Many Wikipedia pages for languages include "Example phrases" (example). Is there any way that we can integrate better with those sections? --Bequw τ 05:19, 25 September 2010 (UTC)

Well, as a specific example, I've populated Appendix:Portuguese pronouns with some example phrases where I found necessary. --Daniel. 05:49, 25 September 2010 (UTC)
In my mind, part-of-speech appendices (e.g., "English nouns", "Portuguese adverbs"..., which could be easily extended to "English suffixes", etc.) would be the most appropriate places for example phrases, to illustrate their subjects. Other intuitively obvious choice could be the AXX pages ("Wiktionary:About English", etc.); however, their primary focus should be providing information about Wiktionarian conventions for individual languages, which would be better illustrated by examples of usage of templates and MediaWiki codes. --Daniel. 06:17, 25 September 2010 (UTC)
They are choosing to illustrate grammatical points, something we rarely do.
If we had a phrasebook Appendix structure for each language, presumably with content derived from our translations of the individual phrases, we might be able to offer massive supplementation of such sections, thereby helping users and increasing users. Clearly it needs to be done only with languages where we have phrasebook coverage that is competitive, not an embarrassment. We seem far removed from achieving that AFAICT.
I assume we already provide links to Wiktionary somewhere on the page, preferrably in more than one section.
We could provide interwiki links, using [[wikt:word]], to each individual word (or first occurrence in each section) for which we have an entry and add the ones missing. DCDuring TALK 10:35, 25 September 2010 (UTC)

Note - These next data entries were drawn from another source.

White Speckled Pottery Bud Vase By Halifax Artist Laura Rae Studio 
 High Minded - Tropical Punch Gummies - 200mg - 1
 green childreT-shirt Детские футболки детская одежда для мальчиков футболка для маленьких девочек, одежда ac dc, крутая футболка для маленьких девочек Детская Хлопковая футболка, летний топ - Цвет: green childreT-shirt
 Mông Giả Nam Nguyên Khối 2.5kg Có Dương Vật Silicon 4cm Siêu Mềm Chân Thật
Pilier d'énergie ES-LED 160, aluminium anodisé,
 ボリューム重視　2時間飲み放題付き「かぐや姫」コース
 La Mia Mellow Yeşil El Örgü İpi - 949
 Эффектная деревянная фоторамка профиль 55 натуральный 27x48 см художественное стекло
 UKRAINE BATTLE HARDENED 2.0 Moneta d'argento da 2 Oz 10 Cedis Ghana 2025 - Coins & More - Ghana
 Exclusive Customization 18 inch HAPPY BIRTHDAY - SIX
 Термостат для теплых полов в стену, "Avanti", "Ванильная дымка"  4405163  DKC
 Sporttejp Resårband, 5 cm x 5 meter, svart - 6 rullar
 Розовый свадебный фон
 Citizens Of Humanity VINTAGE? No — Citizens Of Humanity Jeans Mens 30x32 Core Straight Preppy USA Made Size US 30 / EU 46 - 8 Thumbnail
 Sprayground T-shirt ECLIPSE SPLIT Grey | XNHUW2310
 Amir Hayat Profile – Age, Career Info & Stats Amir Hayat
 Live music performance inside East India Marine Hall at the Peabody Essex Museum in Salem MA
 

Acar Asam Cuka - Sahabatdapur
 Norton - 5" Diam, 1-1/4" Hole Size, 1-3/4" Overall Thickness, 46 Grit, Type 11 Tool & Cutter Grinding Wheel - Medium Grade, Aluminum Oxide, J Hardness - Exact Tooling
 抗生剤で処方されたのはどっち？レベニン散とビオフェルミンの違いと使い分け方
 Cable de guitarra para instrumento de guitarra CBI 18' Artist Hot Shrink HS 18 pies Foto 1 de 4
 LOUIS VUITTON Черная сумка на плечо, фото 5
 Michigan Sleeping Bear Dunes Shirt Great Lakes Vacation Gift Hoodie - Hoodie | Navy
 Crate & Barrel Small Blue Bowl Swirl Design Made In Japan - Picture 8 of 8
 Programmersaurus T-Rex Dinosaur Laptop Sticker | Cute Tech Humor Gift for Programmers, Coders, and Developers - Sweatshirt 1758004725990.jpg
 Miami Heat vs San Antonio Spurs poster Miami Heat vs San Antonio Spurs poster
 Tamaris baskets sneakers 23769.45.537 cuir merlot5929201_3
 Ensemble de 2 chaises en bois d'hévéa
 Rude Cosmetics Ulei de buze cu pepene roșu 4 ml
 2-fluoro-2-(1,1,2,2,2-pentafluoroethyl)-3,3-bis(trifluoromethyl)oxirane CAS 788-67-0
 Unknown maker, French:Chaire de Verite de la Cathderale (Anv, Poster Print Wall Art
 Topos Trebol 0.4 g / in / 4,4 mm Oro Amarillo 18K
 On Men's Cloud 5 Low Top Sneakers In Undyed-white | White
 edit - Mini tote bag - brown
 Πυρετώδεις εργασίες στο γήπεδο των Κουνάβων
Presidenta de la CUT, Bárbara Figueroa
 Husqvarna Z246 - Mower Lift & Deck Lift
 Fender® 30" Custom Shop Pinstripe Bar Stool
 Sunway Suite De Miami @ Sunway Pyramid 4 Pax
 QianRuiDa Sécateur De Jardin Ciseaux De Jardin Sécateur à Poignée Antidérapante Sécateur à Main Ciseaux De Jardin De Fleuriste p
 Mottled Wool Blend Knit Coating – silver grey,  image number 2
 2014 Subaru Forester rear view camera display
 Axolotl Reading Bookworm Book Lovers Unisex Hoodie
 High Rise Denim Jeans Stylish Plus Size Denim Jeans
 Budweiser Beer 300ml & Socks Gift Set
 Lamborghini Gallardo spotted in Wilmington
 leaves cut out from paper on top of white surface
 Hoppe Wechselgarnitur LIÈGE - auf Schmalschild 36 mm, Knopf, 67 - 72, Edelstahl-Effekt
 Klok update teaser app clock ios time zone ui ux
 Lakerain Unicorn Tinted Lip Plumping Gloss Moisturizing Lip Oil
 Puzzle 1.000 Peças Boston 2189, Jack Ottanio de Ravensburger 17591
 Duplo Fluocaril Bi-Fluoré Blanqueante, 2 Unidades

CJKV Characters in translations

Before adding a request to WT:TODO, it seemed prudent to bring this here. We have CJKV Characters (or CJKV characters) in translation tables. While I see why this is, we translate into languages not scripts. If the entry in question has Mandarin, Cantonese, Japanese (etc.) sections, add them separately, not. It's not really any better than adding a Grek translations instead of Greek and Ancient Greek. Mglovesfun (talk) 10:31, 25 September 2010 (UTC)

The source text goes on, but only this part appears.